Kubeflow does have a fun, end to end Machine Learning workflow. This trains a model in Kubeflow to identify tacos and publishes that model to Azure Machine Learning Service Workspace.

https://www.kubeflow.org/docs/distributions/azure/azureendtoend/

kfctl

On the Kubeflow site the option for installation is to pull down the Kubeflow code from GitHub and use the Kubeflow kfctl to build and apply Kubeflow to your AKS cluster. This approach doesn’t work out of the box, during installation there are errors with services, which you have to try and either find a fix documented by the community or make changes to the Python and Go code yourself.

ArgoCD

The typical production path to automate the installation and maintenance of Kubeflow is to use ArgoCD. Similar to the kfctl approach, you need to apply fixes to services and tailor to suit the Azure ecosystem. ArgoCD does allow full control over ever aspect of Kubeflow especially security hardening of containers for zero day events etc hence the typical production path.

Juju

A third option is to use a charmed install using Juju provided by Canonical. Juju states its “the simplest way to install Kubeflow” and it certainly is within an hour of running through the install guide I was presented with the Kubeflow interface.

https://ubuntu.com/tutorials/install-kubeflow-on-azure-kubernetes-service-aks#1-overview

Juju is a “low Ops” approach, but it doesn’t work out of the box. You need to understand the relationships between Microservices. For example the above User Interface has a major known bug that prevents experiments from being run.

https://github.com/kubeflow/kubeflow/issues/6016

This issue means waiting until the community has resolved the issue and Juju provides an update.

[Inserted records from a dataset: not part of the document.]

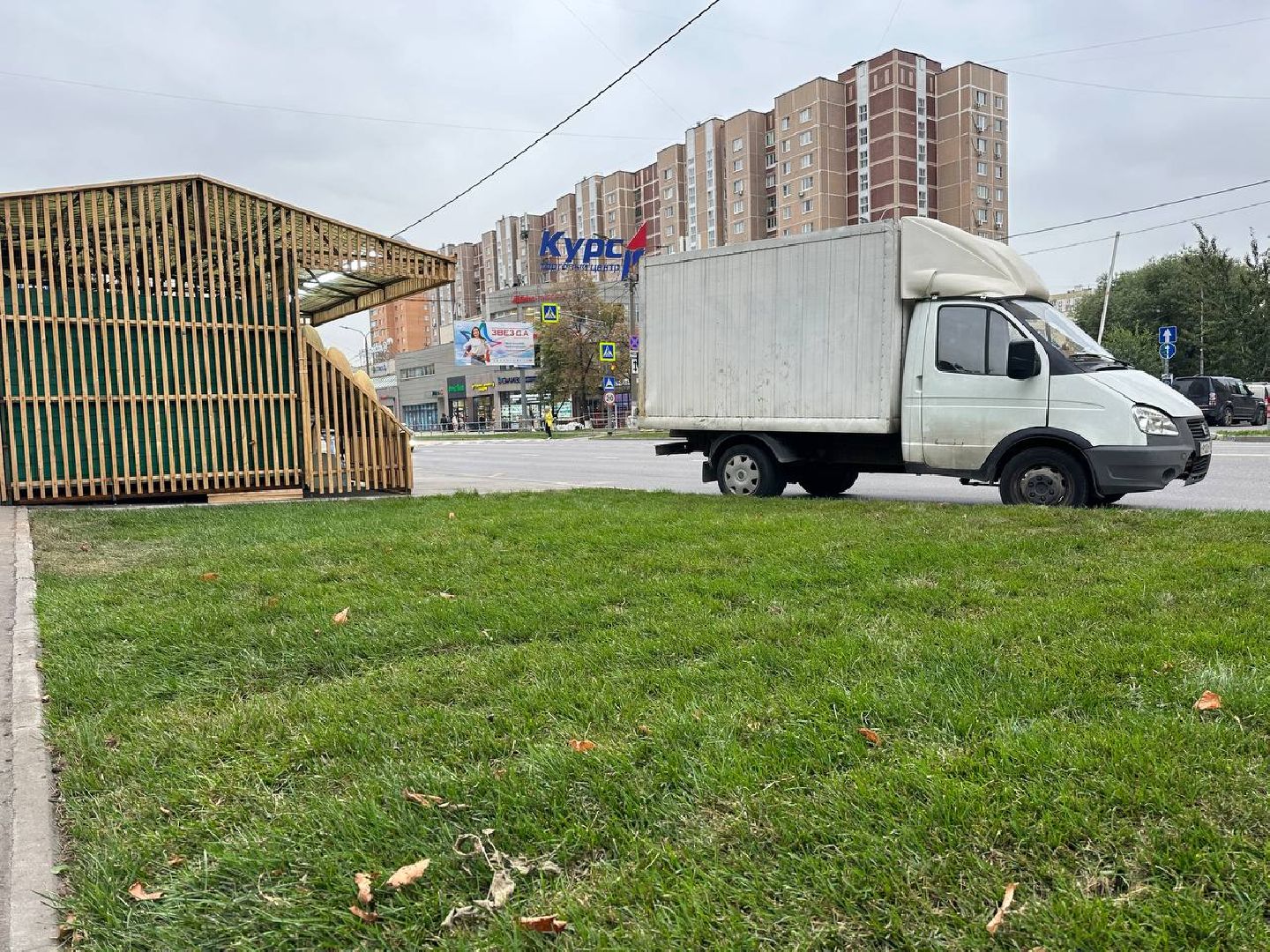 Реутов, МЦД-4, благоустройство, трава, газон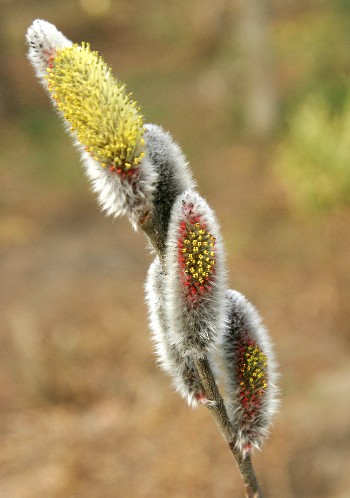 四季の山野草 ネコヤナギ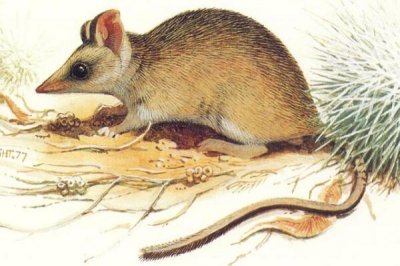 ​戈壁狭脚袋鼩:一种澳洲最罕睹有袋类_能掘46厘米窟窿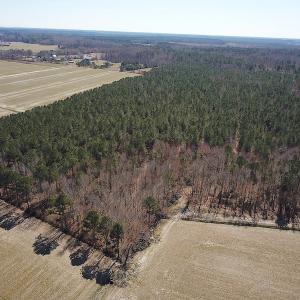 Photo #11 of SOLD property in Off Indian Creek Rd, Chesapeake, VA 105.7 acres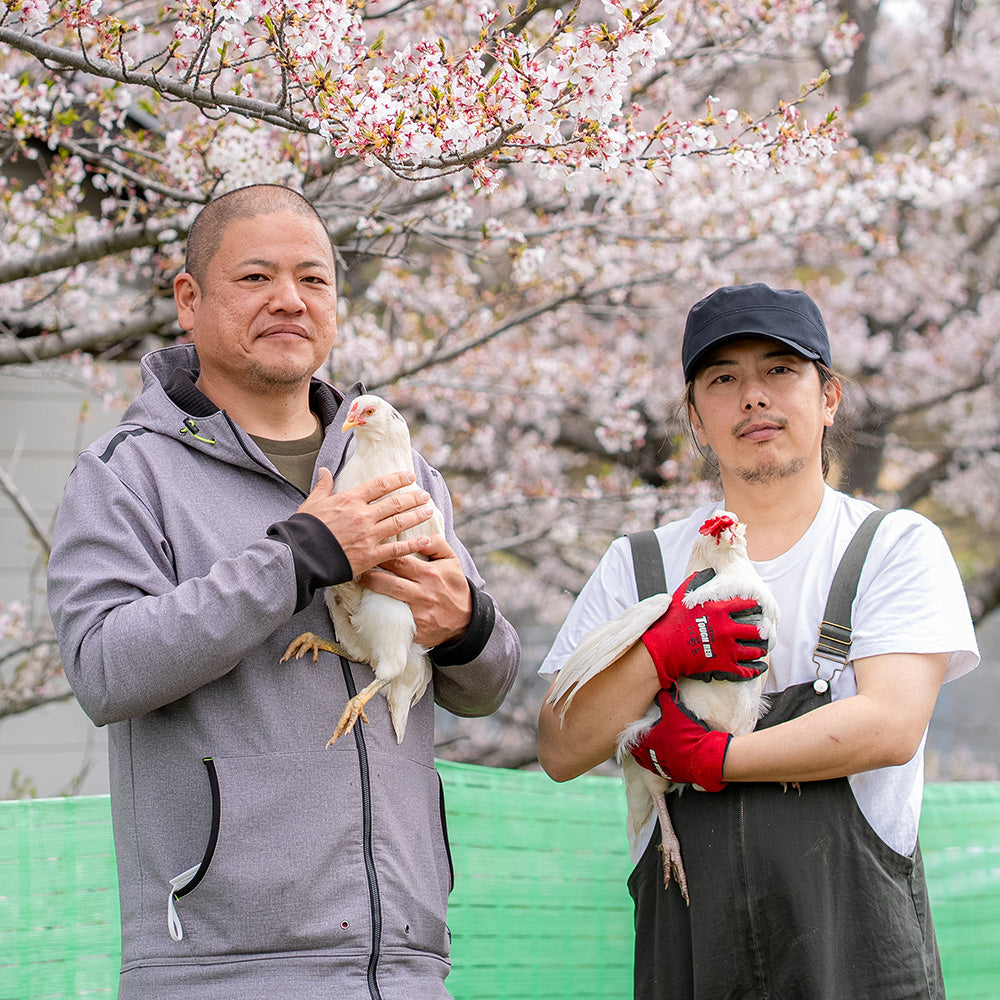 【贈答用】恩卵10個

Workarounds to this error I found were working locally with Kubeflow using the kfp command line.

To make the User Interface work I used juju remove-application kubeflow-profiles –force.

Posting this feedback to github and contributing to the open source community, a first for me!

For productionising Juju best approach would be to stand up a Juju controller and treat your AKS cluster as a Juju client. This provides a User Interface for install history and maintenance.